## Work item
Begin the copy at the line containing "adidas Originals | Gazelle Bold W | 36" and end it at the final line of the material below, reproducing each line exactly, without images.

## Records for this task
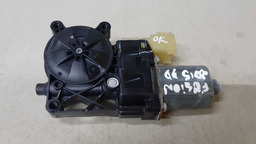 MOTOR MÁQUINA VIDRO DIANTEIRO DIREITO FORD FUSION 2.0 2015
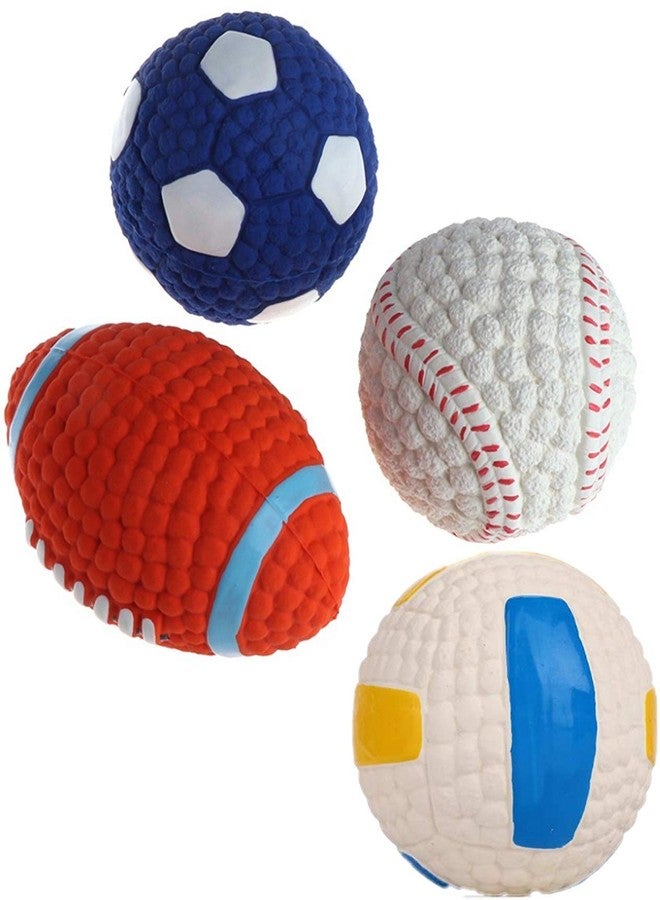 Western Era Adjustable Muzzle, Mouth Cover for Dog/Puppy (Beige) (Small) - Image 4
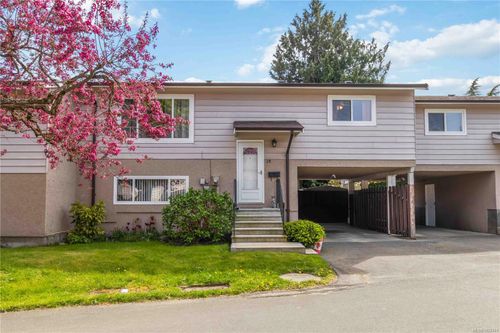 13-7675 E Saanich Rd, Saanichton, BC, V8M1L9 | Card Image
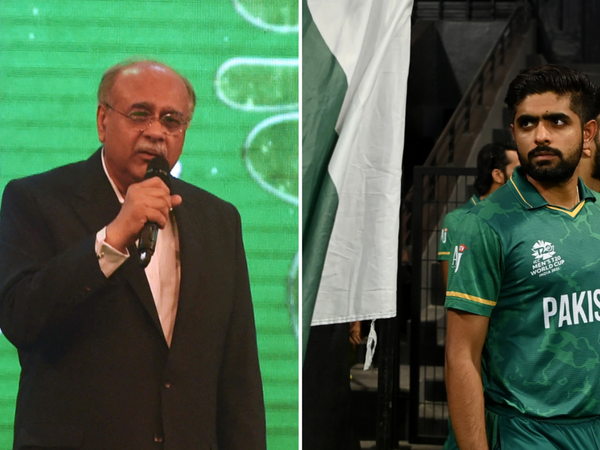 explained-babar-azam-najam-sethi-pakistan-captaincy-controversy.Click to read full article.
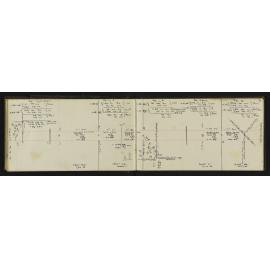WN_4107-0036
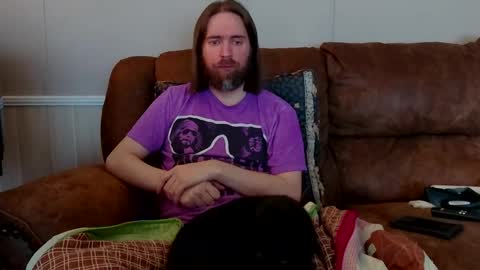 Jay online show from 12/13/24, 08:26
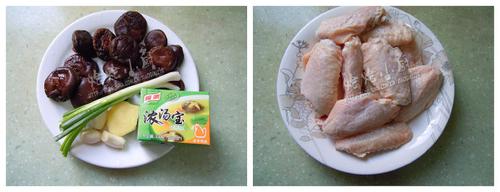 ���������ҵ�����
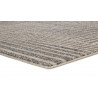 Alfombra Niza 2888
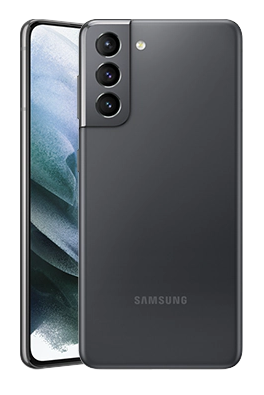 Samsung 三星 Galaxy S21 5G (8+128GB)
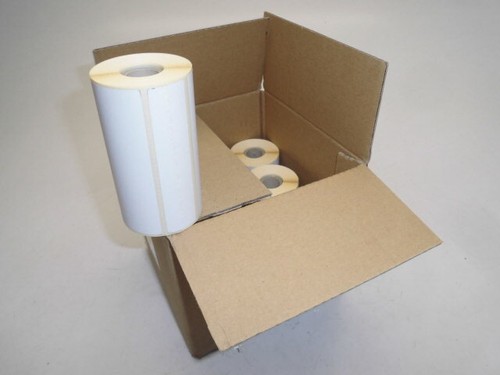 3150 thermo etiketten 101 6 - thermo-etiketten, 101,6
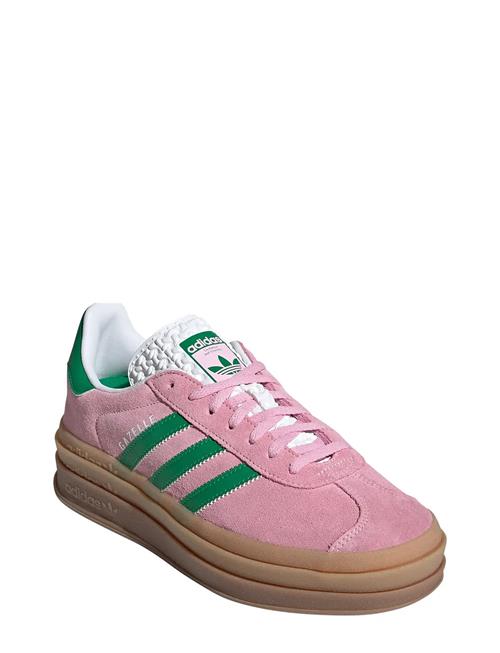 adidas Originals | Gazelle Bold W | 36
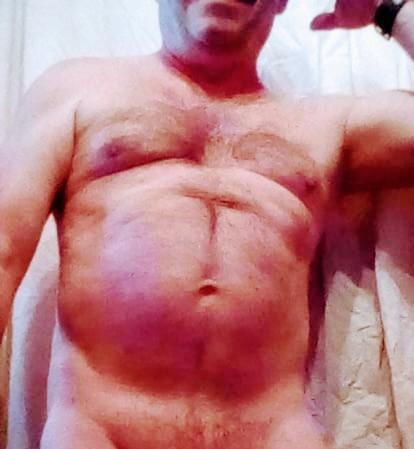 p1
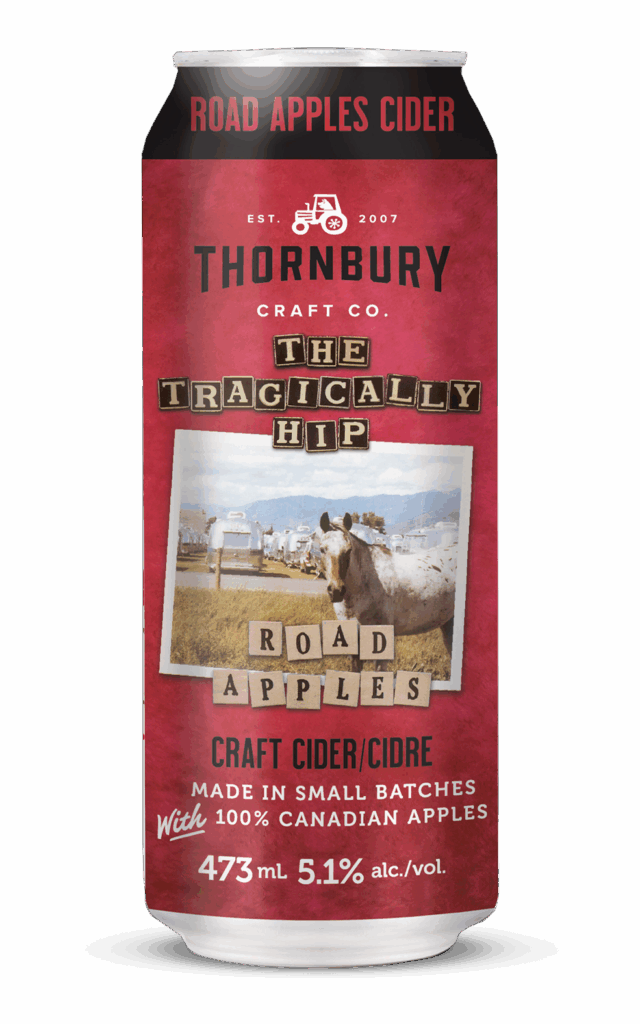 thornbury-road-apples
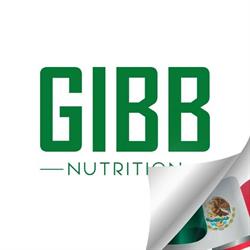 Horario de apertura suplementos alimenticios - GIBB NUTRITION, Guadalajara
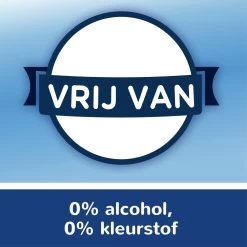 Page Vochtig Toiletpapier - 6 X 74 Stuks - Compleet Schoon Maxi Vochtig Wc Papier - Voordeelverpakking -Huishoudelijke Schoonmaak 1200x1200 678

## Result of the task
 adidas Originals | Gazelle Bold W | 36
 p1
 thornbury-road-apples
 Horario de apertura suplementos alimenticios - GIBB NUTRITION, Guadalajara
 Page Vochtig Toiletpapier - 6 X 74 Stuks - Compleet Schoon Maxi Vochtig Wc Papier - Voordeelverpakking -Huishoudelijke Schoonmaak 1200x1200 678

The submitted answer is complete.